===== Material for this exercise

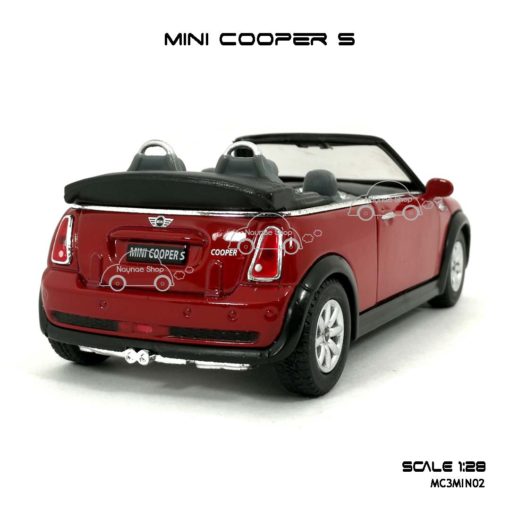 โมเดลรถ MINI COOPER S เปิดปะทุน สีแดง (1:28) โมเดลสำเร็จ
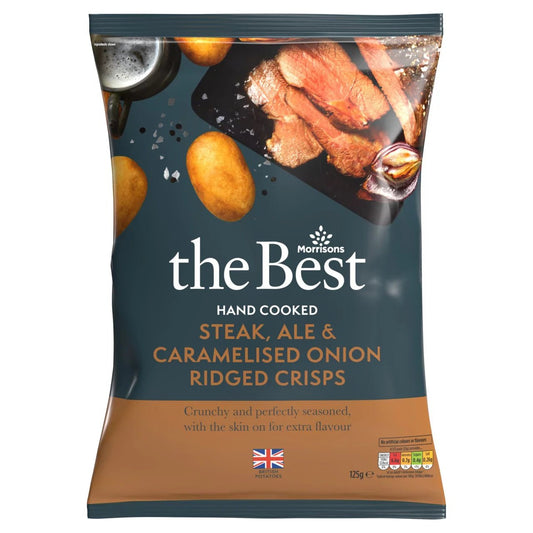 Morrisons The Best Beef Ale & Roasted Onion Crisps 125g - UK Food & Drink - 5010525167664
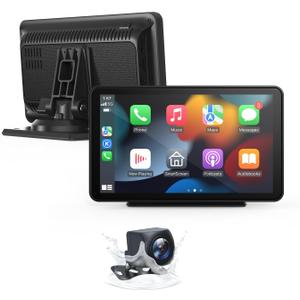 Wireless Carplay Screen for Car 7" Portable Apple Carplay & Android Auto Car Stereo with Backup Camera, GPS Navigation/Mirror Link/Voice Control Siri/Bluetooth FM, AUX for All Vehicles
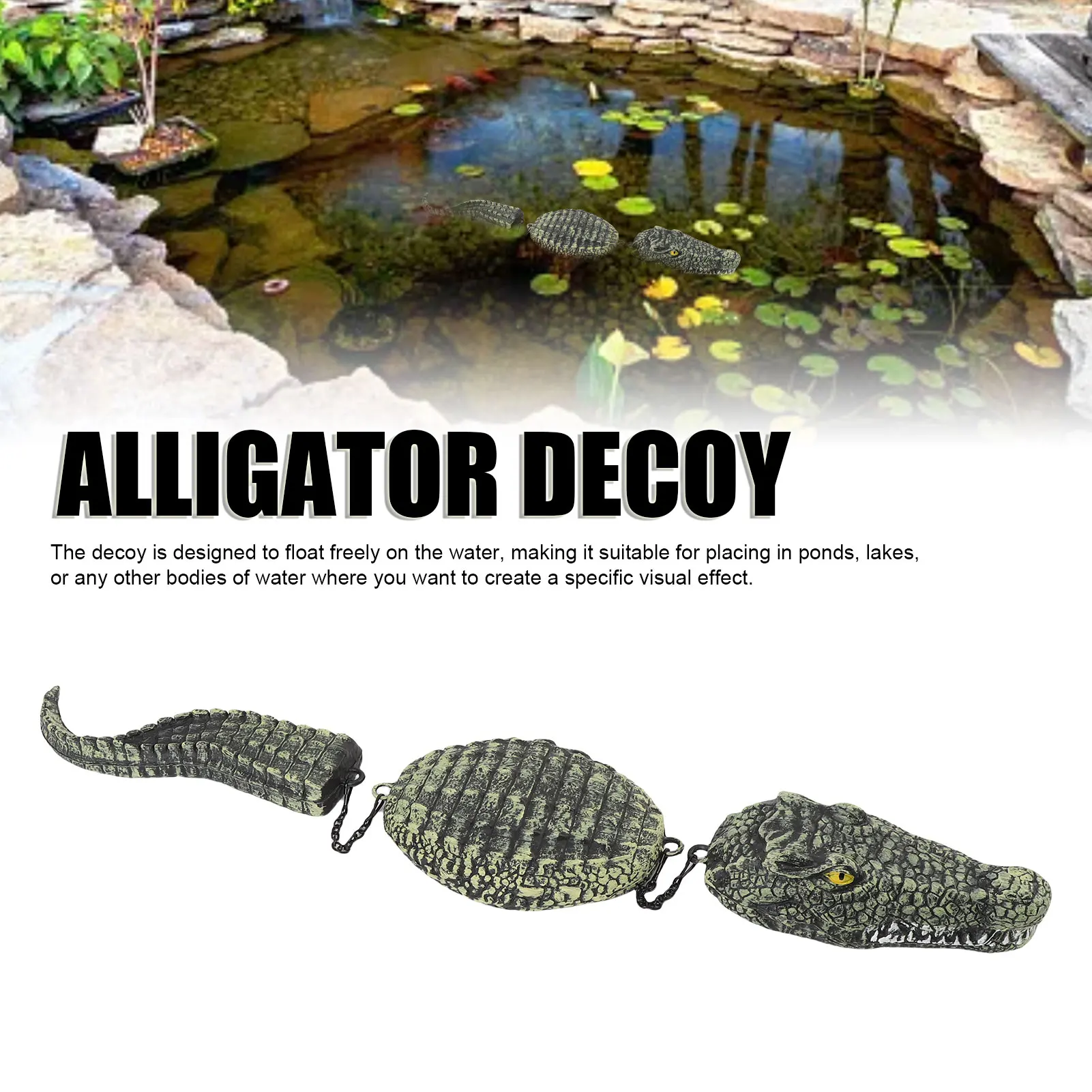 Artificial Alligator Decoy Plastic 3 Segment Simulated Floating Crocodile Sculpture for Garden Pool Decoration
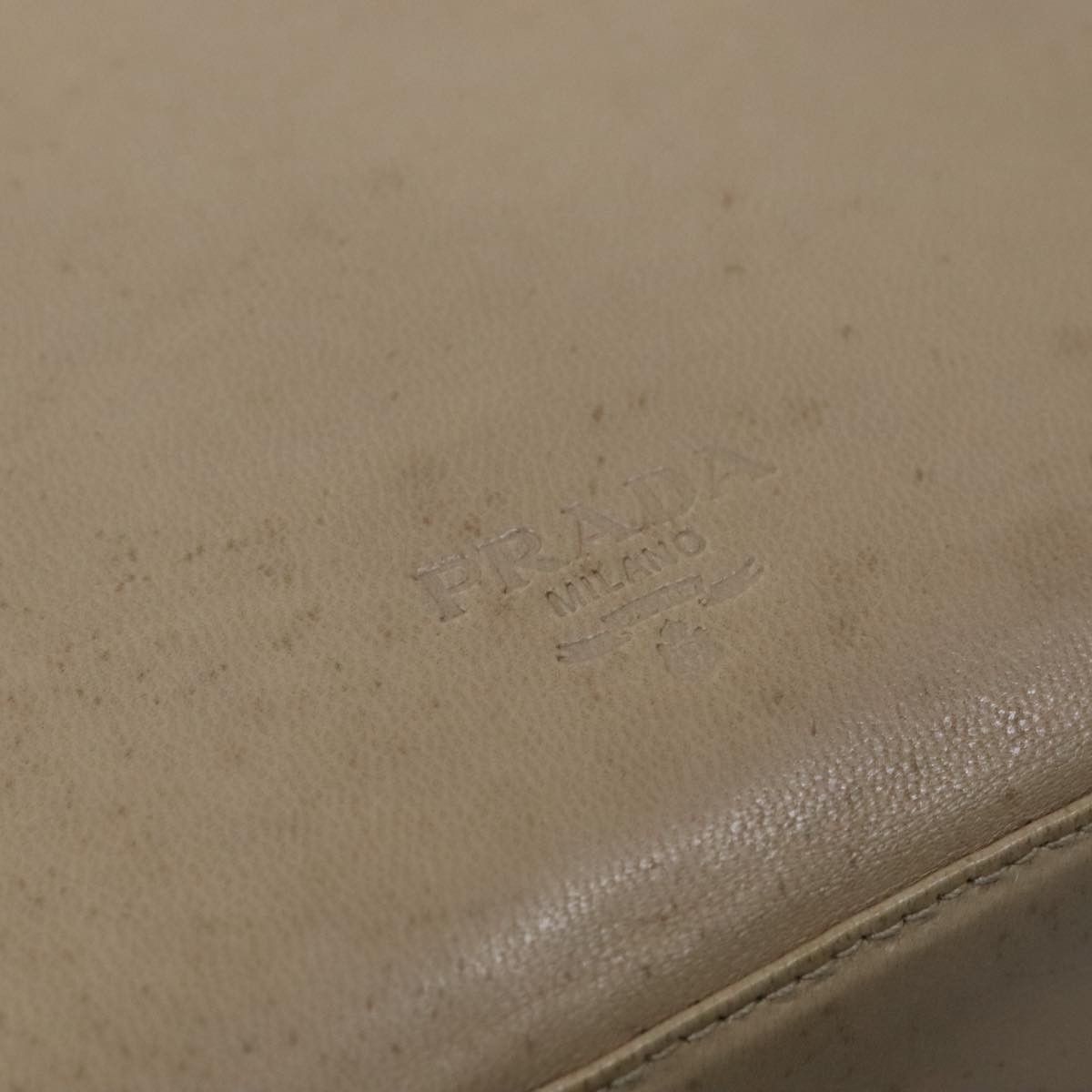 Prada Beige Leather Shoulder Bag (Pre-Owned) Size ONE SIZE - 11 Thumbnail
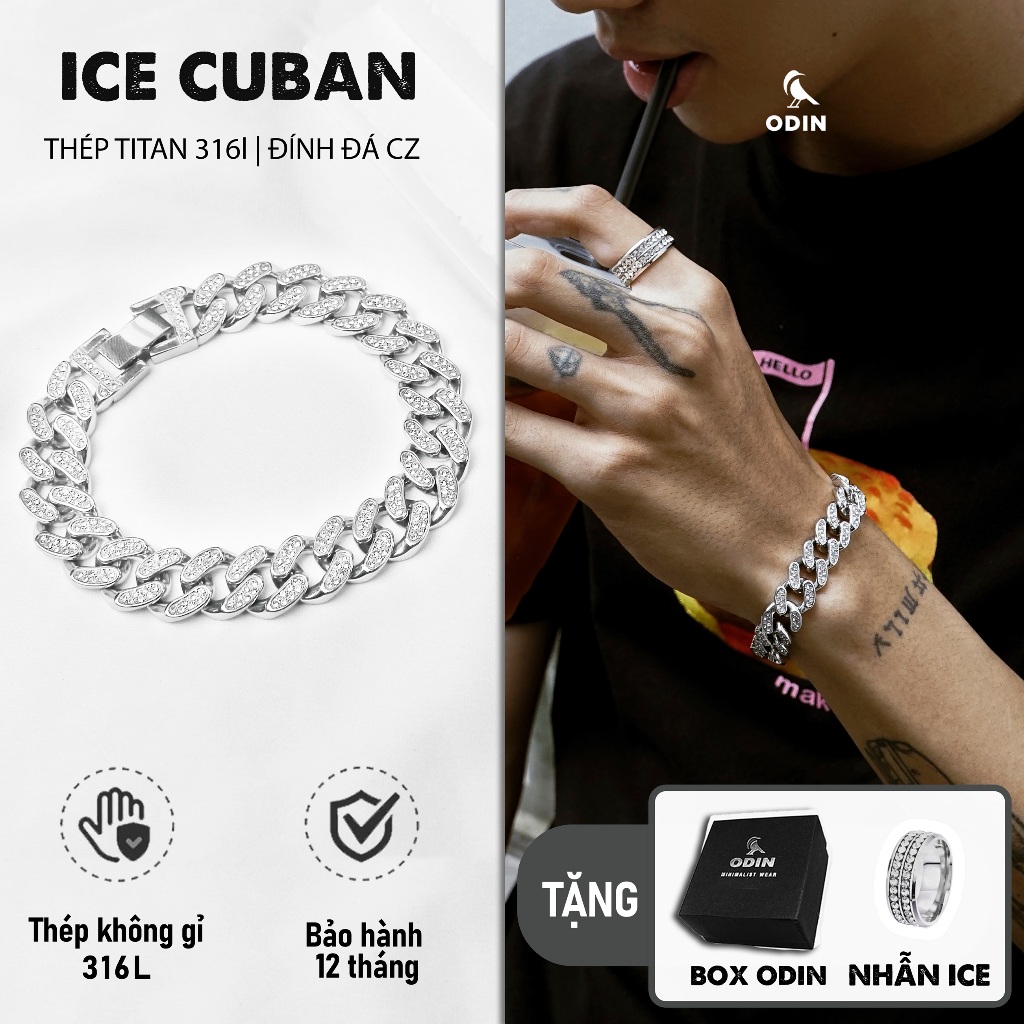  Vòng tay ODIN Ice Cuban đính đá CZ - Thép Titan 316L SIÊU BỀN - KHÔNG GỈ - KHÔNG ĐEN - TẶNG KÈM DEAL NHẪN 0Đ 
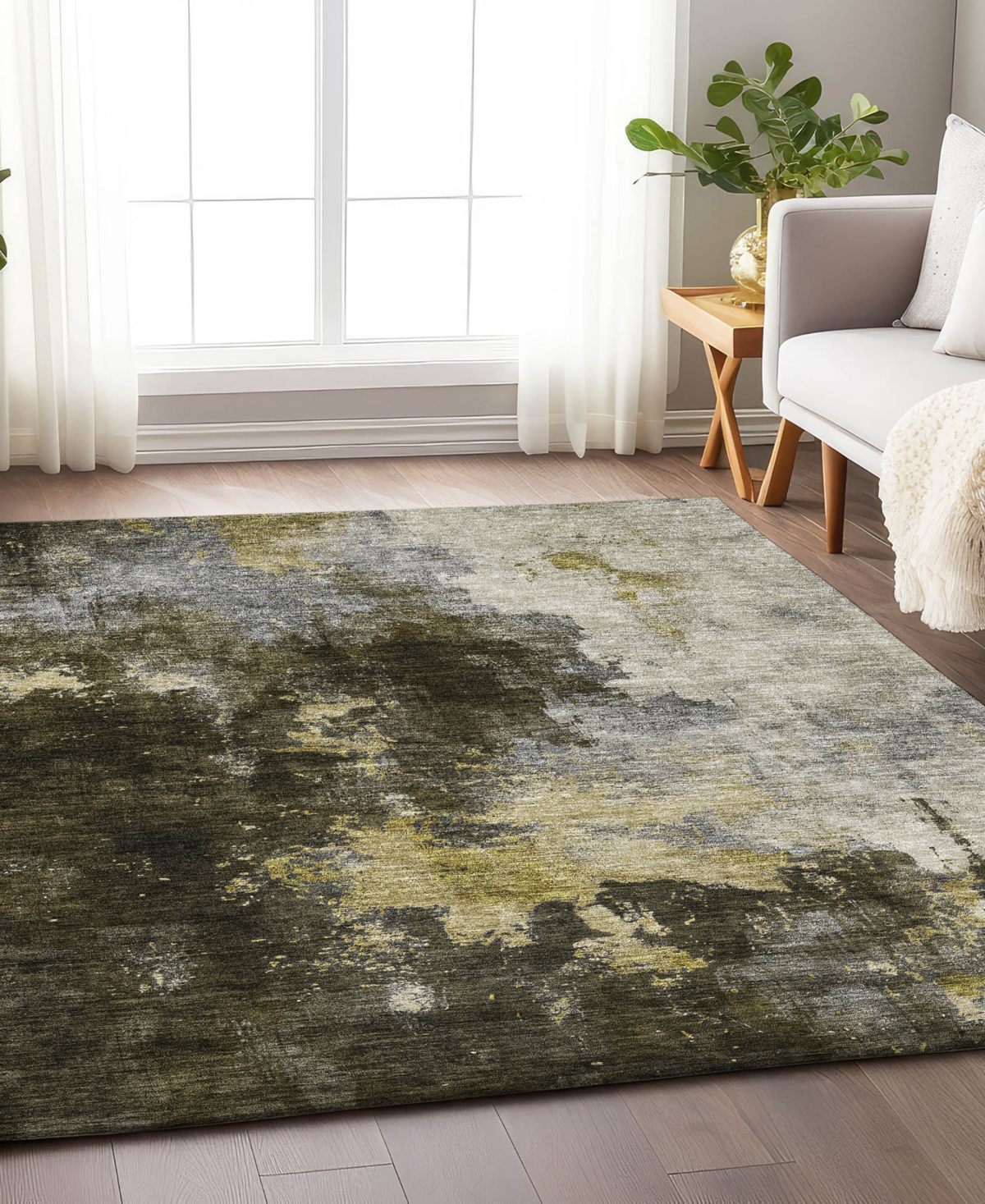 Addison Chantille Mahine Washable Acn1072 3'x5' Area Rug In Brown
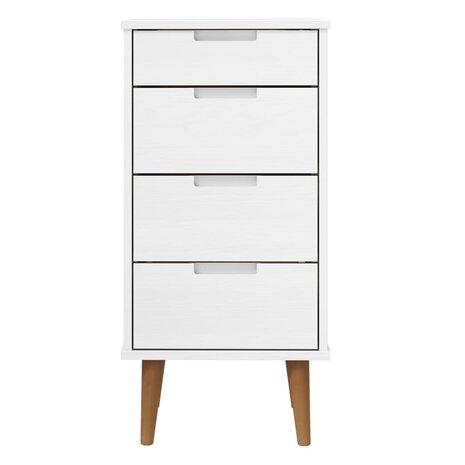 Ladekast MOLDE 40x35x82 cm massief grenenhout wit 4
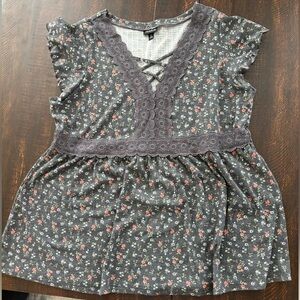 Torrid Floral Gray Blouse with Lace Detail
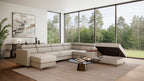 Zuwa Corner Sofa Bed with Recliner & Mini Bar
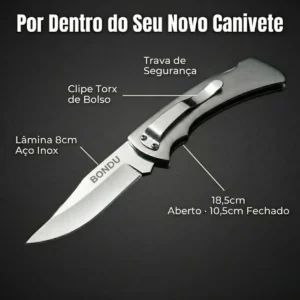 Canivete Inox Pescaria Caça Com Trava Estilo Zebu - Bondu Inox - Imagem 2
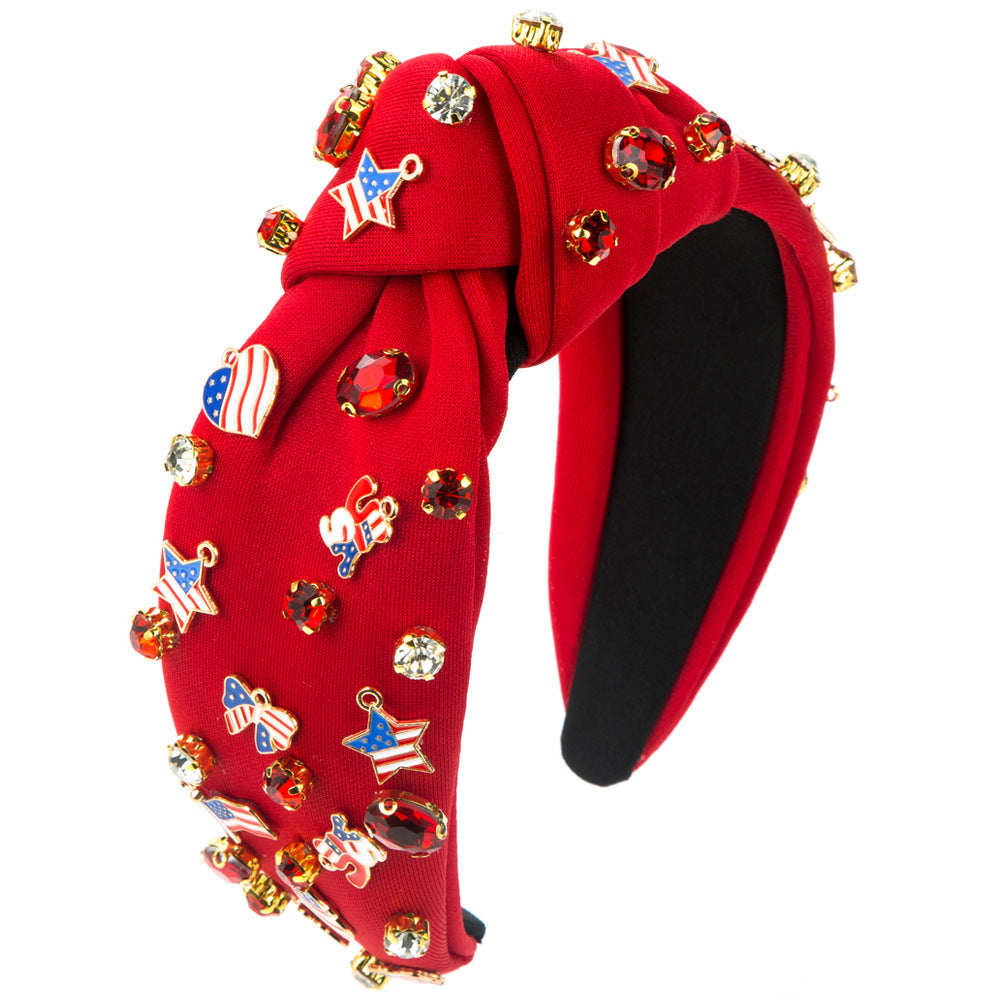 European and American new American flags, Independence Day headbands, sandwich fabrics, hand-sewn glass diamonds, national flag accessories, dripping oil hair accessories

==========

Starting at the line that contains "Ladekast MOLDE 40x35x82", write out every line through the final line of the entries, word for word; skip any pictures.

 Ladekast MOLDE 40x35x82 cm massief grenenhout wit 4
 Torrid Floral Gray Blouse with Lace Detail
 Zuwa Corner Sofa Bed with Recliner & Mini Bar
 Canivete Inox Pescaria Caça Com Trava Estilo Zebu - Bondu Inox - Imagem 2
 European and American new American flags, Independence Day headbands, sandwich fabrics, hand-sewn glass diamonds, national flag accessories, dripping oil hair accessories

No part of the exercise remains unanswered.